Kenya’s insurance industry is crowded with more than 40 firms in operation. Ironically, due to negative perceptions, the collapse of several operators and lack of education, only 2.8% of the population is insured. A month ago, Takaful Insurance of Africa (TIA) – the first fully Shariah-compliant insurance company to be registered in Kenya – began operations riding on the fundamentals of integrity, honesty and fairness outlined in the Shariah laws. Around 10% of Kenya’s population of 40 million is Muslim and TIA is hoping to capture a sizeable portion of the market. How we made it in Africa’s Regina Ekiru spoke to TIA chief executive officer Hassan Bashir.[hidepost=9][/hidepost]
Tell us more about TIA?
TIA was founded in 2008 and formally licensed in January this year. Unlike conventional insurance products, under the Takaful (an Islamic insurance concept) model no interest is charged and losses and surpluses are shared between policy holders and the company. Premiums paid by clients are channeled to a risk fund managed by TIA. These funds will pay for losses suffered by the contributors to the pool. Once the risk fund surpasses a certain threshold amount, the surplus is given back to the members.
TIA will act as an agent in managing the Takaful operations on behalf of the clients, administering the participation process, managing collection of the Takaful contributions and processing the claims according to the contract agreed with the clients. In return, TIA is entitled to a fee which is deducted upfront as a percentage of the contributions paid by the participants.
We will unveil our first branch in Nairobi’s Eastleigh, an estate that has a large Muslim population. We are going to Eastleigh because it is outside the periphery of insurance at the moment. In the pipeline also are two other branches in Mombasa and Nairobi’s central business district. Our ambition is to also register subsidiaries in Tanzania and Uganda in the coming years.

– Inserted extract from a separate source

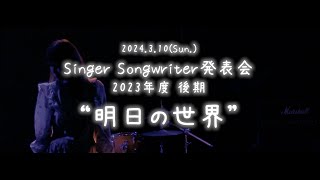 【2023年度 後期 Singer Songwriter発表会】 Yuri『明日の世界』(オリジナル曲)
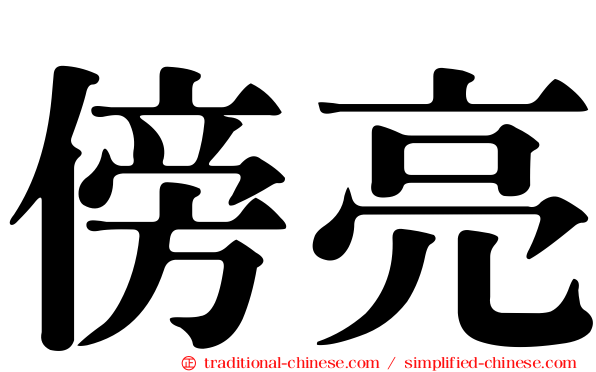 傍亮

Do you think there is demand for Takaful in the African market?
As an insurance practitioner, I can say there are certain elements of conventional insurance products that one cannot sell to Muslims. TIA is here to fill that gap.

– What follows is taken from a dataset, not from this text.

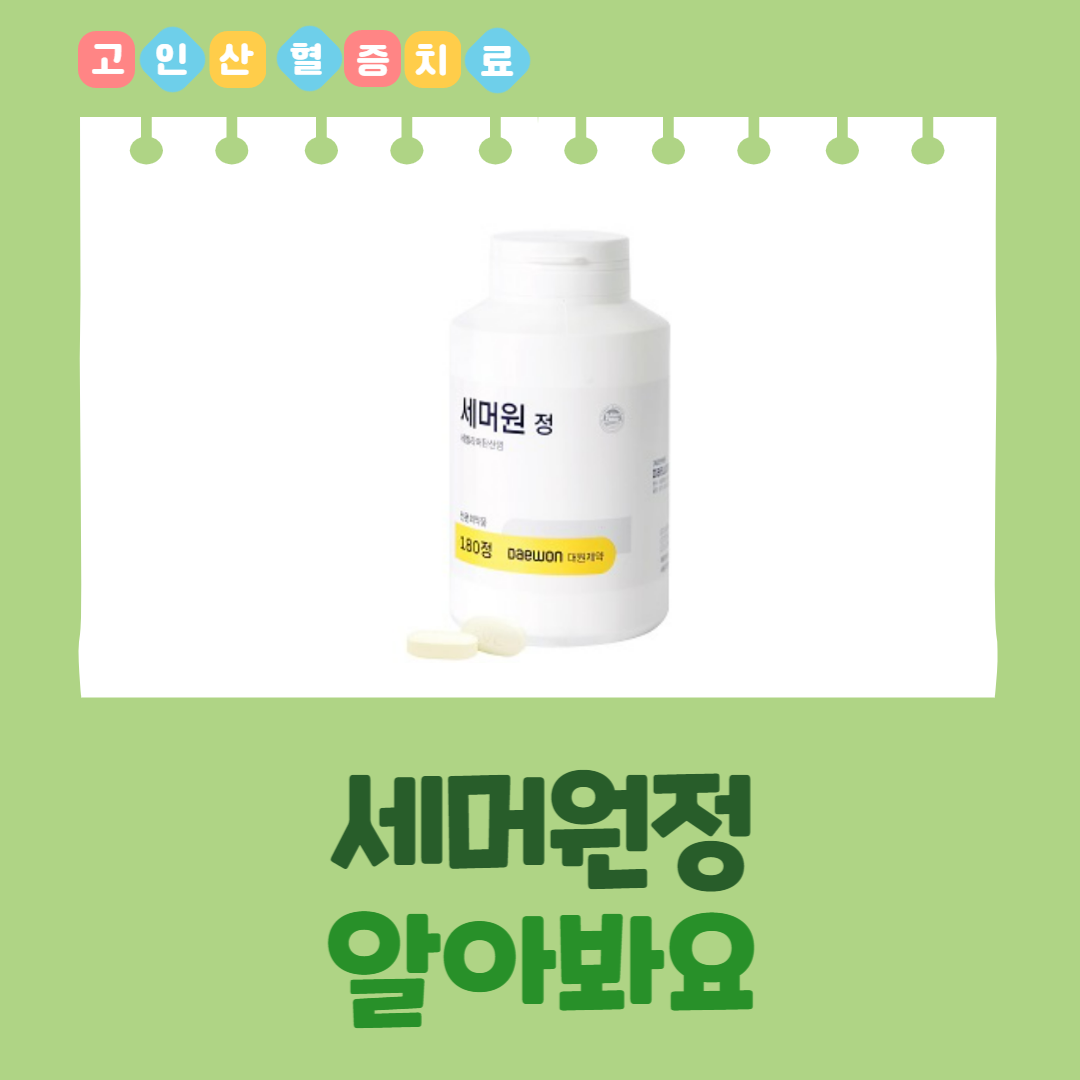  세머원정 성분정보 용법용량 효능효과 부작용 주의사항 등 알아봐요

Are your products available to non-Muslims?
We will be opening our doors to all Kenyans. The model is designed to serve people of all faiths and backgrounds, despite the reference to Shariah laws. We are simply providing an ethical product line. Anyone willing to be managed under the fundamentals of fairness, justice and responsibility is welcome. We believe these are the fundamentals that underline all religions.
What challenges do you foresee in the market?
The concept of Islamic finance is new in the country and regulatory measures have not been evened out to fully accommodate the Islamic finance sector. A lot has to be done in terms of regulation, considering that our model is non-interest-based operations that might present difficulties in fund placement. A significant part of insurance profits come from investments not premiums. We will have to find compliant instruments within the regulatory environment that currently exists. This will be a challenge since it automatically reduces the windows of opportunity.
How do you plan to get around these challenges?
We are looking at compliant investments like infrastructure bonds in the future. We are also engaging players in the Islamic banking sector to create investment opportunities that are Shariah complaint.
What is your financial targets for the year?
Our target is to make premium collections of Ksh.1 billion (US$12 million) in the first twelve months of operation.
Where do you want to take TIA?
I would like to spearhead TIA to the league of the top ten best-performing companies in East Africa. It seems like a tall order, but it is not. Our target is to expand the boundaries of the insurance industry and improve the penetration in the country, and this we will achieve.